According to science that I won’t bother citing, humans are the only species that are concerned about the date and time. It makes sense. My dog doesn’t care that it’s Wednesday, March 2, 2016. I’m also sure she doesn’t count how many hours of sleep she’ll get tonight – probably seven hours. Or how many hours she has left at work – exactly 1.5 hours for me. However, dates mean something to us. Some dates are etched into us since birth, such as my birthday – August 15th, Halloween – October 31st, Christmas – December 25th, Mom’s Birthday – February 6th, and Cinco de Mayo – May 5th. There are dates you kind of know, like your best friend’s birthday – September something. Early September. Before September 11th. Maybe it’s late September, but it’s definitely in September. Let me check Facebook. September 4th! Wow, I’m a shitty best friend.
Then, there are dates that cause great sadness, like March 2nd. On this day, three years ago, I received a phone call from my friend Adrian. I was washing my dog, who was making the biggest fuss, when my phone rang. I contemplated ignoring it but Adrian never calls, so I answered. That 3-minute call ended with me rushing to my parent’s room for comfort. I remember crying, but my mother remembers me screaming. On this day, three years ago, I found out that one of my best friends, Omar, was killed in a car accident.

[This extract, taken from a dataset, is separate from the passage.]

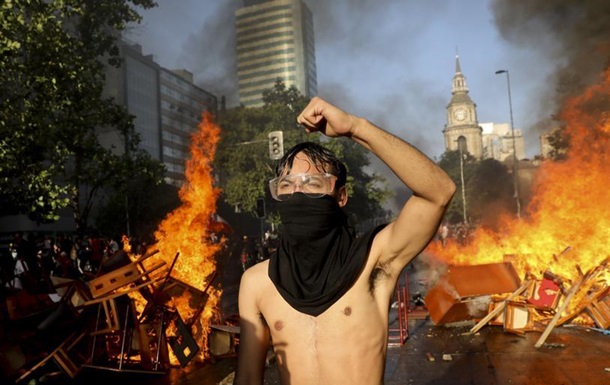 Нові протести в Чилі попри перестановки в уряді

A passage from the article “Five Hilarious Times Your Friends Will Die In Their 20s” still resonates with me:
Some people are supposed to die. That’s insensitive, but it’s a little true. There are times when people die and it’s just not unexpected. The girl who was texting and driving was supposed to hit that tree. That’s what happens when you text and drive. The guy with the drug addiction was supposed to overdose. It’s sad, but it’s completely on course with the cosmos. It’s the fulfillment of all the warnings we got from our parents as children. Keep your eyes on the road at all times. Don’t do drugs. Then, there are people who just die, people who never did anything wrong, people whose brilliance seemed to extend to every subject except how to hurt someone. Those people die too. There was no warning our parents gave us to avoid that kind of fate. Oh, also, don’t be a perfect person. Don’t make everyone around you laugh. Don’t be blazingly intelligent, and so genuine in your lack of pretense that no one has a bad thing to say about you. If you do, you might die. Our parents spent a lot of time telling us about all the things that might kill us. They didn’t often bring up how even the perfect ones will die.
Now, I look at every tragedy with a new perspective, and I always feel like someone is missing. It’s a bitter feeling; one that can only be washed away by the reminiscing of fond memories as well as the love and strength of friends and family. I will never forget this date, but I hope you never have to remember one like it.